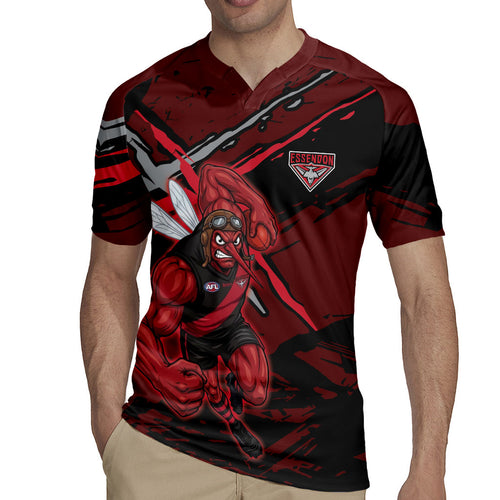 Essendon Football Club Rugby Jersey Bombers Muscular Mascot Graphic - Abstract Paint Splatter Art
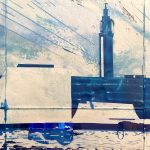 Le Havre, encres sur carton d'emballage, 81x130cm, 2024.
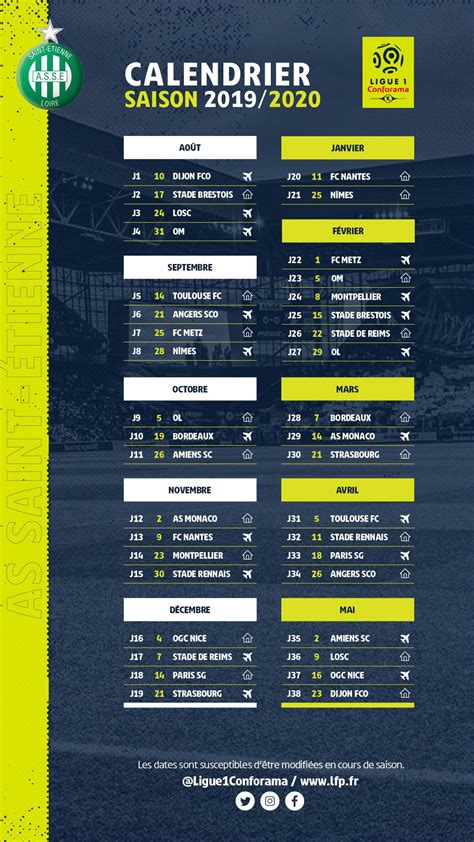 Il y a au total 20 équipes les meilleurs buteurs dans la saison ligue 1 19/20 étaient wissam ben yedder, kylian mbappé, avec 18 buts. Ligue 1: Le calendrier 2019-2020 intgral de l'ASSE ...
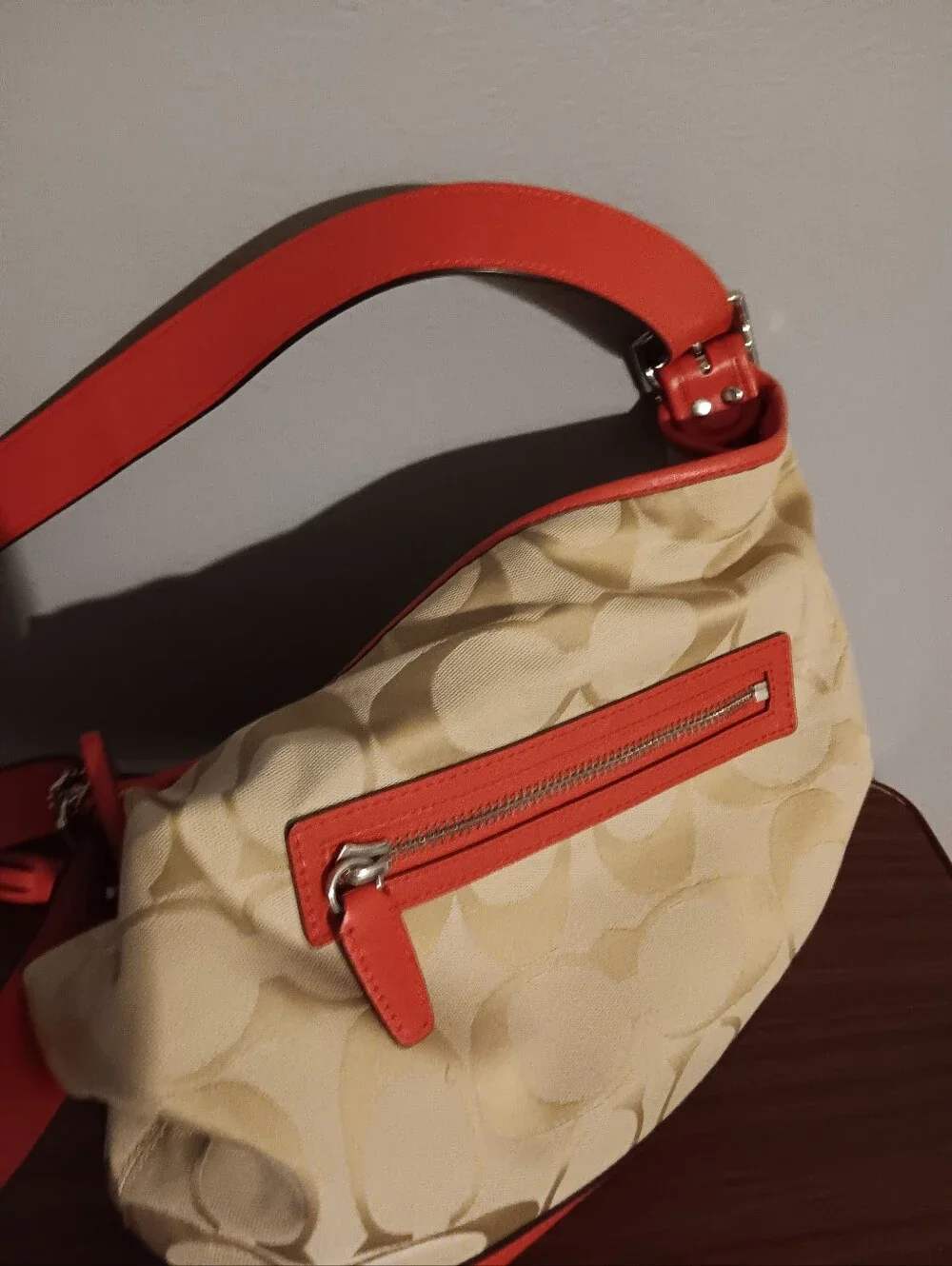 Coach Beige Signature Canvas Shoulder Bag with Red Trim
...
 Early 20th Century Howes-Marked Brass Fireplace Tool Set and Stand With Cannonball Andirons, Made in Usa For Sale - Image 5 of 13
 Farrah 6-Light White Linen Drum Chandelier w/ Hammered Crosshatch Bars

• _WORK REQUIRED_: From the line containing "Early 20th Century" down to the line containing "Farrah 6-Light White" in the material above, reproduce every line exactly, including the two end lines.

• _SOLVED EXERCISE_:
 Early 20th Century Howes-Marked Brass Fireplace Tool Set and Stand With Cannonball Andirons, Made in Usa For Sale - Image 5 of 13
 Farrah 6-Light White Linen Drum Chandelier w/ Hammered Crosshatch Bars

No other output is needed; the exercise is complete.